A pencil on a keyboard
protego @ stock.xchng

It’s a common perception that the working hours in Asia are longer. While it’s true for some industries, it isn’t for most of them. For example, it may appear that people leave work late but the truth is that they also arrive later.

And sometimes a lot of time is filled during the day either being idle or being unproductively distracted. Attending meetings where you don’t contribute or learn anything, and having lengthy cigarette or coffee breaks are not uncommon. Even worse (or better if you are a slacker) is when it’s a big corporation and being lost in a sea of people means that no one will notice you being gone for more than 20 minutes at a time.

So I never understood this appearance of working hard but hardly working. I’d rather show up on time, do my work and leave on time. A cousin who had work here and had gone back to Malaysia to become a self-employed boss had to educate his employees thus: I don’t care if you leave early as long as you’ve finished your tasks for the day, and I don’t want to see you in here late just because you’ve wasted your day doing non-work related stuff.

Meanwhile over here in Oz, in some of my past jobs I’ve struggled to stay occupied and would look at the clock constantly like an anxious school kid waiting to get out of school. With my current job though, it’s the opposite. It gets quite busy and sometimes it’s hard to leave on time because I don’t want to leave things that I can do today till tomorrow, and thus compound my workload the next day.

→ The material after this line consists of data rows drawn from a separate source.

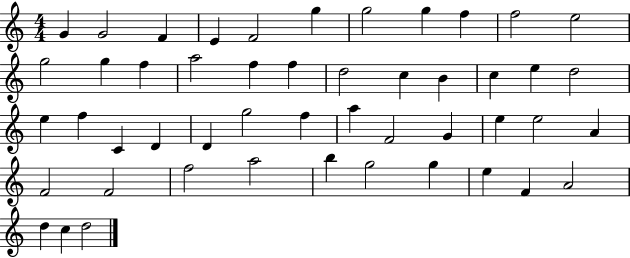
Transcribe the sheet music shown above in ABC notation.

X:1
T:Untitled
M:4/4
L:1/4
K:C
G G2 F E F2 g g2 g f f2 e2 g2 g f a2 f f d2 c B c e d2 e f C D D g2 f a F2 G e e2 A F2 F2 f2 a2 b g2 g e F A2 d c d2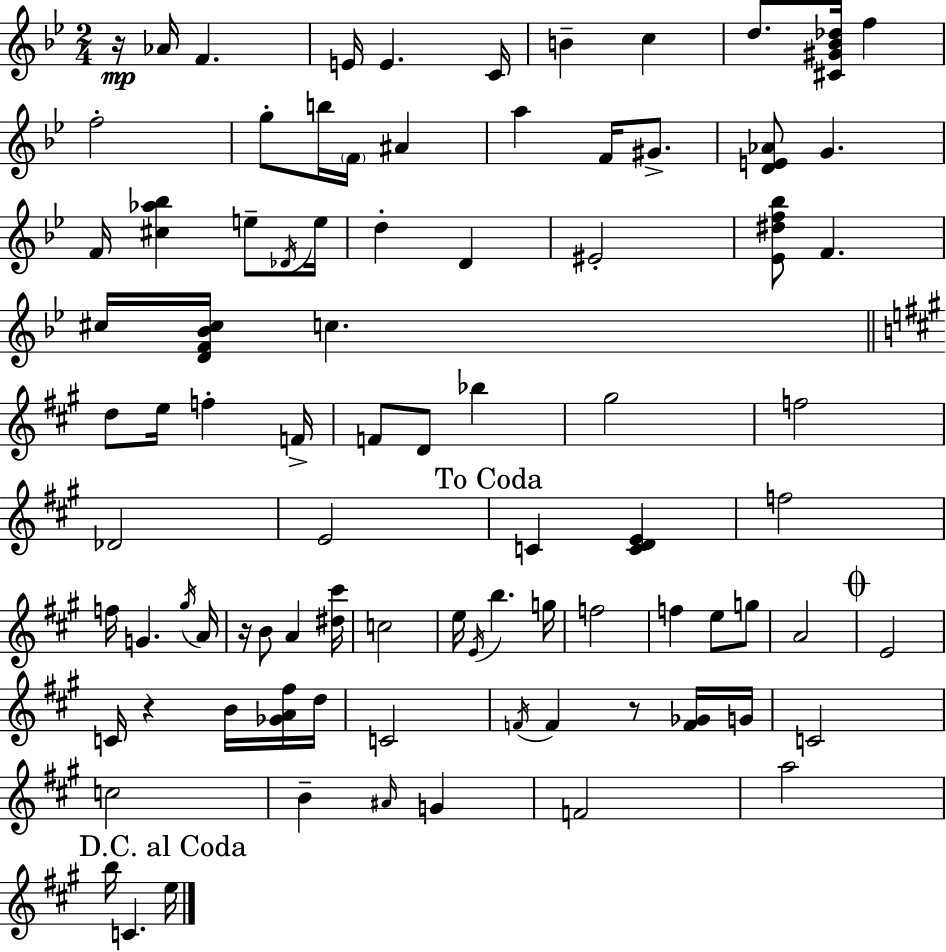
{
  \clef treble
  \numericTimeSignature
  \time 2/4
  \key g \minor
  r16\mp aes'16 f'4. | e'16 e'4. c'16 | b'4-- c''4 | d''8. <cis' gis' bes' des''>16 f''4 | \break f''2-. | g''8-. b''16 \parenthesize f'16 ais'4 | a''4 f'16 gis'8.-> | <d' e' aes'>8 g'4. | \break f'16 <cis'' aes'' bes''>4 e''8-- \acciaccatura { des'16 } | e''16 d''4-. d'4 | eis'2-. | <ees' dis'' f'' bes''>8 f'4. | \break cis''16 <d' f' bes' cis''>16 c''4. | \bar "||" \break \key a \major d''8 e''16 f''4-. f'16-> | f'8 d'8 bes''4 | gis''2 | f''2 | \break des'2 | e'2 | \mark "To Coda" c'4 <c' d' e'>4 | f''2 | \break f''16 g'4. \acciaccatura { gis''16 } | a'16 r16 b'8 a'4 | <dis'' cis'''>16 c''2 | e''16 \acciaccatura { e'16 } b''4. | \break g''16 f''2 | f''4 e''8 | g''8 a'2 | \mark \markup { \musicglyph "scripts.coda" } e'2 | \break c'16 r4 b'16 | <ges' a' fis''>16 d''16 c'2 | \acciaccatura { f'16 } f'4 r8 | <f' ges'>16 g'16 c'2 | \break c''2 | b'4-- \grace { ais'16 } | g'4 f'2 | a''2 | \break \mark "D.C. al Coda" b''16 c'4. | e''16 \bar "|."
}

Though for the sake of work-place harmony, I think I should try to leave on the dot more often. Because while I don’t want to be look like a slacker, I also don’t want to appear to one-up my colleagues by leaving later.

And I’m sure all of the above sounds just like Dilbert or an episode of Seinfeld: you want to look like you are working hard, but not too hard because no one likes a brown-nosing workaholic who makes everyone else look bad. Heh. :mrgreen:

FamilyMonday, 26 May 2008 10:53 pm

Me: Hey mom, you know that matrimonial charm you gave me?
Mom: Yeah?
Me: I lost it.
Mom: It’s ok. I’ve got spares. *goes to her room, comes back and hands me another one* Here you go.
Me: … !

Mom is kinda awesome like that. Or you know, she really REALLY wants a daugher-in-law. :mrgreen:

LinksSunday, 25 May 2008 04:47 pm

Adam Sandler's Don't Mess With The Zohan

Although I’ve enjoyed Adam Sandler’s movies, they never made me genuinely excited. Not until I read about his latest movie “You Don’t Mess With The Zohan” – just the title alone is funny enough. And it’s also the first time that I think anyone has ever used a movie to satirise the subject of the animosity between Israel and the Arab world.

From the excellent write-up in the New York Times about how the movie came to be:

About eight years ago Mr. Sandler conceived of the Zohan character, an Israeli assassin who has been trained to hate and kill Arabs; exhausted by the ceaseless bloodshed, he fakes his own death and flees to New York to become a hairdresser. There he finds Jews and Arabs living together in grudging if not quite harmonious tolerance.

Film – Adam Sandler Tackles Israeli-Arab Tensions in ‘You Don’t Mess With the Zohan’ – NYTimes.com

Intrigued, I searched for the trailer and bloody hell it’s funny and it’s got a message to boot. Some people on both sides of the argument will probably get offended by this but I don’t think it’s more offensive than the realities on the ground. I think that it’s good that this will make people laugh and also stop and think a little.